À côté de ce qui se passait sur la ligne de front, nous voulions avoir d’autres angles d’approche, le quotidien en faisait partie

« Le journal avait plusieurs équipes dans le pays. À côté de ce qui se passait sur la ligne de front, nous voulions avoir d’autres angles d’approche, le quotidien en faisait partie », explique le photojournaliste. À Lviv, un conservateur regarde les murs vides de son musée. Dans un hôpital de Kiev, une mère est au chevet de son fils, dont la jambe, fauchée par un obus, a été amputée.

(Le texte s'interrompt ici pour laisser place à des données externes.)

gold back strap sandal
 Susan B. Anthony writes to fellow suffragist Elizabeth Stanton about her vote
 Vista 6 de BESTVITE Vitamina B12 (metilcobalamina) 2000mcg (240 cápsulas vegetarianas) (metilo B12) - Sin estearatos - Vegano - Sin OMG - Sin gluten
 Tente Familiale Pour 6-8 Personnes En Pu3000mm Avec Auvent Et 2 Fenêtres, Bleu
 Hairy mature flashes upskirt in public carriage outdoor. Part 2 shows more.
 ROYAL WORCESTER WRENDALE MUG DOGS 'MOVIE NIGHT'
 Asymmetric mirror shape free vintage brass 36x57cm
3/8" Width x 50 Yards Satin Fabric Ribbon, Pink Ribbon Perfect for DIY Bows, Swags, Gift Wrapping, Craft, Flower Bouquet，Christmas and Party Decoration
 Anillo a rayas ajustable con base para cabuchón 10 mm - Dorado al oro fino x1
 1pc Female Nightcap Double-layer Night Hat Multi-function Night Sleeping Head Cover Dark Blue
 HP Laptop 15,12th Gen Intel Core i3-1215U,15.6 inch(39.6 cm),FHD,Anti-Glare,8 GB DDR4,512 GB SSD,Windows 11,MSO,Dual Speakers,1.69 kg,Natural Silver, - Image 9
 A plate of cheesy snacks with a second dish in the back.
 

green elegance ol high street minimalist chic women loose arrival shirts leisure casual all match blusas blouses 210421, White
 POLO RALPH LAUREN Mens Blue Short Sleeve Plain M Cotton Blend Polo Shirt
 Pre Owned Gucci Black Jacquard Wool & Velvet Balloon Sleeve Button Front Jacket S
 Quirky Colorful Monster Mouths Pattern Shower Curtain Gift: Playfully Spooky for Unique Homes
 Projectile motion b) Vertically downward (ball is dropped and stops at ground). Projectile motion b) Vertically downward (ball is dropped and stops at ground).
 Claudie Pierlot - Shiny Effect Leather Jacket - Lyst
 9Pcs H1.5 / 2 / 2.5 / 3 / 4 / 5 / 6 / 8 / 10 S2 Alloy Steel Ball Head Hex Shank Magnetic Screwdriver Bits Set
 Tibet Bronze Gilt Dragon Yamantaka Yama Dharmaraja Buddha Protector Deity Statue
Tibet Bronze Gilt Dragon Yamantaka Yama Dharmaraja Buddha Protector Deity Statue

Dans un orphelinat près de Lviv, un adolescent tire les rideaux après avoir regardé le paysage par la fenêtre. Pour photographier ces personnes dont la vie a basculé, Lucas Barioulet est toujours à la bonne distance. « L’instant de la photographie, c’est peut-être 5% du temps passé sur place. Avant, il faut se faire accepter des gens pour qu’ils nous laissent voir leur quotidien, on sait qu’ils vivent quelque chose de traumatisant, la photo se fait naturellement ». Il arrive aussi qu’elle ne se fasse pas ou « qu’ils aient autre chose à faire qu’accepter un photographe dans un hôpital, on le comprend parfaitement, les enjeux n’ont rien de comparable ».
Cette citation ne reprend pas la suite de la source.